March 14, 1993| From Times Wire Services

SARAJEVO, Bosnia-Herzegovina — In chilling testimony Saturday at Bosnia's first war crimes trial, a Serbian soldier showed how he slit POWs' throats and described a massacre of 150 villagers.

He said orders to rape Muslim women came from the Bosnian Serbs' top leader.

At no point during more than two hours of testimony did Borislav Herak express any remorse for the 30 killings he is charged with. But he repeatedly told of superior officers who ordered him to murder or rape, and said he could have been killed for disobeying.
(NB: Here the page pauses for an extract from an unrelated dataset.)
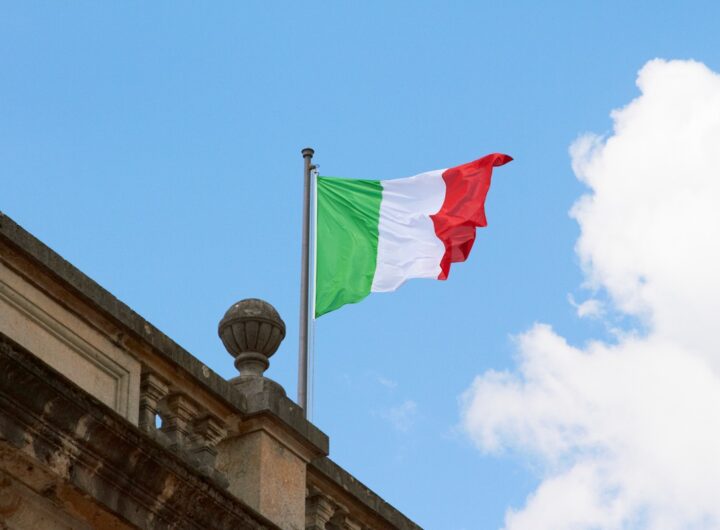 Новини світу - Італія профінансує новий корпус лікарні на Одещині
The trial, which opened Friday before a five-judge military tribunal, is the Bosnian government's first attempt to prove in court its claims that Serb nationalist forces have carried out widespread atrocities during the 11-month-old war.

Herak, 22, and co-defendant Sretko Damjanovic could face a firing squad if convicted.

Herak described growing up in Sarajevo, getting along with Muslim neighbors, until the war broke out last April. Relatives told him Muslims planned to kill all Serbs.

Herak said he was taken to a farm after joining the Serb army and taught slaughtering techniques, which he practiced on pigs.

"My commander told me that because I come from Sarajevo and lived with Muslims, I could be suspected as a spy, so I had to prove myself," Herak said. "All the time, another soldier was standing behind me with a rifle. If I didn't do it, they would shoot me."

At the request of the judge, Herak demonstrated the technique on a court security officer.

Herak said he later was sent with some soldiers from Serbia to the village of Ahatovici, near Sarajevo, with orders "to kill everybody and burn everything down."

He said about 150 villagers, including many children, were herded together and shot.

Herak said an order to rape Muslim girls and women came from a local commander who said the instructions came from Bosnian Serb leader Radovan Karadzic.

Also Saturday, in a dramatic amateur radio broadcast from the besieged eastern town of Srebrenica, French Gen. Philippe Morillon, commander of U.N. troops in Bosnia, backed Muslim demands for aid and urged the Serbs to stop their attack.